# '84 Miyata Ridge Runner



## venzboard (Nov 12, 2008)

Got the frame from my bro-in-law, stripped, primed and painted it myself. The parts i got restored was the frame, fork, bullmoose bar and the Tange Levin headset. To complete the build i went with newer components.

By the way, here is a pic of the original build i got from the Miyata '84 catalogue..









Thanks for looking


----------



## sandmangts (Feb 16, 2004)

Was everybody taller in the 80's or did the Japanese just think all Americans were giants? All I ever see of older bikes are the huge ones. Kudos for keeping a good bike out of the landfill.


----------



## mhickey79 (Feb 22, 2007)

sandmangts said:


> Was everybody taller in the 80's or did the Japanese just think all Americans were giants? All I ever see of older bikes are the huge ones. Kudos for keeping a good bike out of the landfill.

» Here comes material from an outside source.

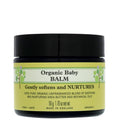 Neal's Yard Remedies Caring For Baby Organic Baby Balm 50g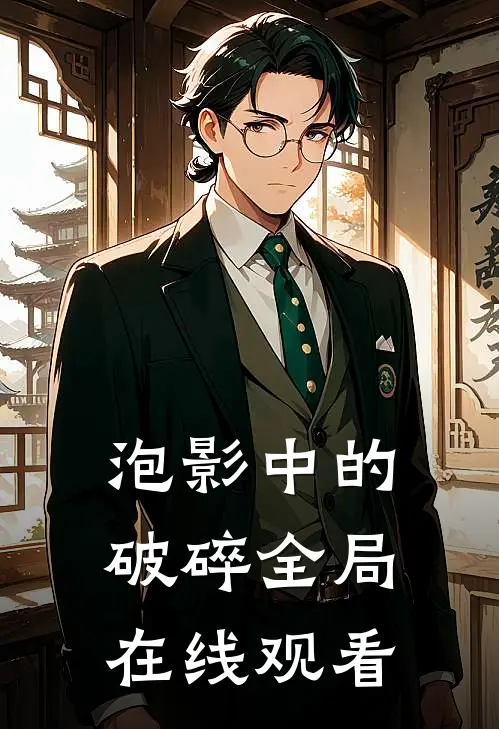 泡影中的破碎全局在线观看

I have a theory on that. I think a lot of the really clean examples we see now ("survivors") are small and x-large sizes. There are just fewer people that fit those sizes and they tend to acquire less miles. I work at a shop that runs a small rental/demo fleet. At the end of the season, the very small and very large bikes are still in pretty good shape, while all the mediums and larges are beat to death.


----------



## venzboard (Nov 12, 2008)

Haha you might think i'm a tall guy, actually i'm just 5'5 and this frame is way to big for me, but so far the only issue i have with this frame is the standover height, as for the reach the bullmoose's bar back sweep compensates for a comfortable and stable handling..


----------



## sandmangts (Feb 16, 2004)

mhickey79 said:


> I have a theory on that. I think a lot of the really clean examples we see now ("survivors") are small and x-large sizes. There are just fewer people that fit those sizes and they tend to acquire less miles. I work at a shop that runs a small rental/demo fleet. At the end of the season, the very small and very large bikes are still in pretty good shape, while all the mediums and larges are beat to death.


Makes sense, Not only that the ones that fit people don't stay for sale long. Thats why I have been looking for a fillet brazed Ritchey in my size and price range for 5 years.


----------



## venzboard (Nov 12, 2008)

Here she is now.. in one of my favorite local trails..


----------



## venzboard (Nov 12, 2008)

Here's another view of the trail..


----------



## Flyingjib (Jun 7, 2014)

*'85 Ridge Runner*

Here's one of my 1985 Ridge Runner. I am the original owner having purchased the bike new from the Trail Shop in halifax. The frame is a large as it was the only one they had in stock and I was too impatient to wait for the proper size. The bike is pretty well stock except for the rear "d",(broke the Sun Tour), seat, and the "Mega Range" cassette. I still ride this bike and love it:


----------